Biomarkers point to infection risk
The researchers believe that the severe injury disrupts communication between the brain and parts of the autonomic nervous system in the spinal cord. The lack of coordination between the nervous system and the immune system ultimately produces systemic immune deficiency. Blood markers associated with this kind of deficit should help with gauging and treating patients’ individual vulnerability to infection early on. So what kinds of changes in the blood are specific to acute spinal cord injury? And do these changes depend on the position and severity of injury?
“To determine that, we studied the blood of patients with acute spinal cord injury to determine the amount of a specific molecule present on the surface of monocytes, a certain kind of immune cell. This molecule, mHLA-DR, is a proven biomarker used to assess immune competence in intensive care patients,” Kopp explains. The results from groups of patients with different injuries to the spinal cord were then compared with the results from patients who only had an injury to the vertebrae with the spinal cord still intact. “For severe spinal cord injuries, we were able to show that a reduced number of HLA-DR molecules per monocyte causes deactivation of these immune cells. Since these precursors of phagocytes are an important element of the immune defense mechanism, this marker can be used to estimate propensity to severe infection and sepsis in critically ill patients,” Kopp comments.
The higher up the spine and more severe the injury is, the more pronounced the immunodeficiency
This type of condition is also known as Spinal Cord Injury-induced Immune Deficiency Syndrome (SCI-IDS). As the recent study finds, it is most pronounced in patients with severe, neurologically complete spinal cord injuries above the thoracic spine. This is especially clear in comparison to patients who have suffered less severe injuries in the area of the lower thoracic or lumbar spine. Overall, patients with spinal cord injuries are affected to a significantly greater degree than those with purely spinal column injuries not involving the spinal cord. “The spinal cord injury itself, how far up the spine it is located, and the severity of the lesion are crucial factors in the emergence of neurologically induced immune deficiency,” concludes Prof. Jan Schwab, the head of the multicenter study, which involved a little more than one hundred acutely injured patients.
Patients with severe immunodeficiency are at especially high risk of life-threatening pneumonia, for example. Cellular immune defenses are not the only things affected, either. Immunological memory can also be impaired. This was observed in particular in those with severe spinal cord injuries and injuries located farther up the spine. Schwab concludes: “Acquired infections are a serious complication in cases of spinal cord injury. It is therefore crucial to identify patients who are at special risk as early as possible in order to improve survival and independence in these patients’ later daily lives.” It will now be up to further studies to show whether treating the immune deficiency does in fact lead to better outcomes in this vulnerable patient group.

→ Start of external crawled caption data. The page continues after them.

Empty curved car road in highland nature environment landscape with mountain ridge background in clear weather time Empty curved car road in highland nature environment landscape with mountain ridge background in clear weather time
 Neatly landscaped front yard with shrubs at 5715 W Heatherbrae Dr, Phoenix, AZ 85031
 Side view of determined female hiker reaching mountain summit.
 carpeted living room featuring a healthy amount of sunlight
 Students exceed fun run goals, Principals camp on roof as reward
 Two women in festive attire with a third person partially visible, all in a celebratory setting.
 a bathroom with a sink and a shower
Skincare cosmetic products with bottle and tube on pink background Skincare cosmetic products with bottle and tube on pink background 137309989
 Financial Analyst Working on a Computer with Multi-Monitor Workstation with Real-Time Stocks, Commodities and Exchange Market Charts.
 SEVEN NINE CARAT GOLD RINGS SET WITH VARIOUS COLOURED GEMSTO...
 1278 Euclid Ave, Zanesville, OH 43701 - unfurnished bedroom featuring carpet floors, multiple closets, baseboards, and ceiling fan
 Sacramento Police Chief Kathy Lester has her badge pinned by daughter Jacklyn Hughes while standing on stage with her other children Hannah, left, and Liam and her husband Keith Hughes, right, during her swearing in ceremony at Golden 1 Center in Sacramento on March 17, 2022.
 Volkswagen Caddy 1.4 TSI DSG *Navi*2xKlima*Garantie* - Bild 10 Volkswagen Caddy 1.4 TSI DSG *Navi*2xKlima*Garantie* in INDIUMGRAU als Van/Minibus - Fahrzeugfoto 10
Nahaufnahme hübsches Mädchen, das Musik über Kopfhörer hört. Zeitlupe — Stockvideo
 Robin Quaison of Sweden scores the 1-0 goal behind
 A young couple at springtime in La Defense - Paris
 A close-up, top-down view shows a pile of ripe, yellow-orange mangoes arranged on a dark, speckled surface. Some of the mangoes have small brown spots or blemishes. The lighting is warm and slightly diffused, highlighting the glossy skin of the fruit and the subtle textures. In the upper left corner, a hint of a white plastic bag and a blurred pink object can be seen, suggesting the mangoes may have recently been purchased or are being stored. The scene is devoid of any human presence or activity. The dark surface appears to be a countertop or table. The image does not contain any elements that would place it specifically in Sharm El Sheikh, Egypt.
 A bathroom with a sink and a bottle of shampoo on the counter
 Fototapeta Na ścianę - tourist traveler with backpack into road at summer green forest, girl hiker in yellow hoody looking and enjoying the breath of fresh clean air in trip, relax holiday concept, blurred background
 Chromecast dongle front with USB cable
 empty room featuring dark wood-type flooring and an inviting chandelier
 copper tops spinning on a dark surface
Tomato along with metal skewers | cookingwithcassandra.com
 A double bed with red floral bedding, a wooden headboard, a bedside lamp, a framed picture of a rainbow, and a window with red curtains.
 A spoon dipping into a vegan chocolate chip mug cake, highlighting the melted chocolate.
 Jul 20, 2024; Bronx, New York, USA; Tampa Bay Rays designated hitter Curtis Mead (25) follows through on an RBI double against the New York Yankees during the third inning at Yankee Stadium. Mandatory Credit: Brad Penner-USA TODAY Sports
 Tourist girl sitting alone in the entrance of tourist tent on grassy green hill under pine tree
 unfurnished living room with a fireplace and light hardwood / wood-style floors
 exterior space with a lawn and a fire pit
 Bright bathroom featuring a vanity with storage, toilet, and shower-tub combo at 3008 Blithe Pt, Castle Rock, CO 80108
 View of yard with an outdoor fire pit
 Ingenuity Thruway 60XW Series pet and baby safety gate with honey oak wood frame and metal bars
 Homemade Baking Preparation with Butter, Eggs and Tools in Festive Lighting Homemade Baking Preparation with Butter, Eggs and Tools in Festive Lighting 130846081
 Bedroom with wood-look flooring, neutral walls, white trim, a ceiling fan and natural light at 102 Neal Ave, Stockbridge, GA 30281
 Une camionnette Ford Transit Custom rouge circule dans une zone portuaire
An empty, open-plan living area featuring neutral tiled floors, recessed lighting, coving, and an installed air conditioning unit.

*Kopp MA et al. The spinal cord injury-induced immune deficiency syndrome: results of the SCIentinel study. Brain 2023 Jun 28. doi: https://doi.org/10.1093/brain/awad092
About the study
The SCIentinel study is a prospective, international, multicenter cohort study that analyzed the specific immune profiles in the blood of 111 patients. It was supported by the German Research Foundation (DFG), the NeuroCure Cluster of Excellence, the BIH Center for Regenerative Therapies (BCRT), and the Wings for Life Spinal Cord Research Foundation. Prof. Jan Schwab and Dr. Marcel Kopp coordinated the study at the Department of Neurology with Experimental Neurology at Charité. The study arose in cooperation with additional centers in Germany, Switzerland, Canada, and the United States.